Liverpool Mayor Joe Anderson has urged the people of the city not to let their frustrations about budget cuts spill over into anti-social behaviour protests.
Speaking exclusively to JMU Journalism as he gave the LJMU Roscoe Lecture this week, Mayor Anderson said he is doing everything he can to stop Liverpool going bankrupt in the next few years, taking lawful measures to tackle the crippling cutbacks imposed upon the city by central government.
He said: “We are going to have to do things completely differently than we do now. There is a number of ways that we can do that and what we’ve got to do is make sure that we avoid that situation [bankruptcy] and we set what’s called a legal budget.
“That means that we have to balance the finances of the city which means tough choices and tough decisions. We will get there it will mean that there will be a lot of things that we do that we have to stop and a lot of service reductions.”

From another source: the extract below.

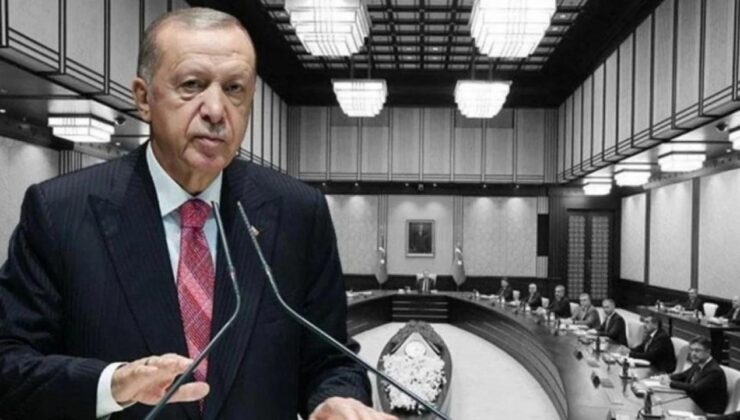 Cumhurbaşkanlığı Kabinesi toplandı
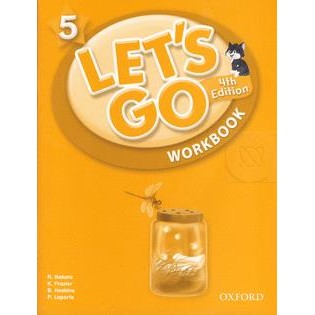 Bundanjai (หนังสือ) Let's Go 4th ED 5 : Workbook (P)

In 2015 Liverpool will lose £219 million from the council budget, plus £227 million from welfare and reforms, totalling in a loss of £446 million, but the Labour mayor is calling for public restraint.
He said: “I don’t think it will lead to a rise in anti-social behaviour. But, as more and more people get more frustrated by the cuts then people may well start to take action in terms of civil disobedience and things like that. That remains to be seen… but my call to people and my advice to people is to not engage in anti-social behaviour or anything other than the way we demonstrate: by trying to be positive.”

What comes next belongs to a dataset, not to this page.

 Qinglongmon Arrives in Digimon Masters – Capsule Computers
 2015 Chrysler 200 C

During the Roscoe Lecture, ‘Mayors and their cities: the challenges and opportunities’, one audience member at the Philharmonic expressed their frustration over the strain of the cuts, asking Anderson: “Who is actually paying for these massive cuts? I work in an advice agency and every single day we see the people who don’t have enough money to feed their kids.”
Mayor Anderson replied: “If we want to keep hold of services, if we want to spend money on facilities we have to generate the funding to do so. Nobody is going to come over the hill on a white charger and rescue Liverpool or any other city.”
In the past three years Liverpool has lost £176 million, with cuts to multiple services and the closure or cessation of libraries, park maintenance, regeneration schemes and events.
“We can either manage or just allow the city to go bankrupt. The bottom line is I’m doing what’s best for Liverpool,” Anderson added.
Speaking to JMU Journalism after his speech, he said: “It’s important that people have the right to question me really about my experiences as being mayor over the last 18 months but it’s just as important for them to ask questions and to hold me to account and to hear my views.”
Anderson admitted: “We’ve lost 1,600 jobs and things aren’t able to be done in the way there were before, not just because of jobs, but because we have had to reduce the services that we provide to the people in the city.
“The city isn’t as clean as we would like it, we have got to now introduce fortnightly bin collections and a lot of things like reduction in the number of libraries that we have and they are tough decisions that we are going to have to make.”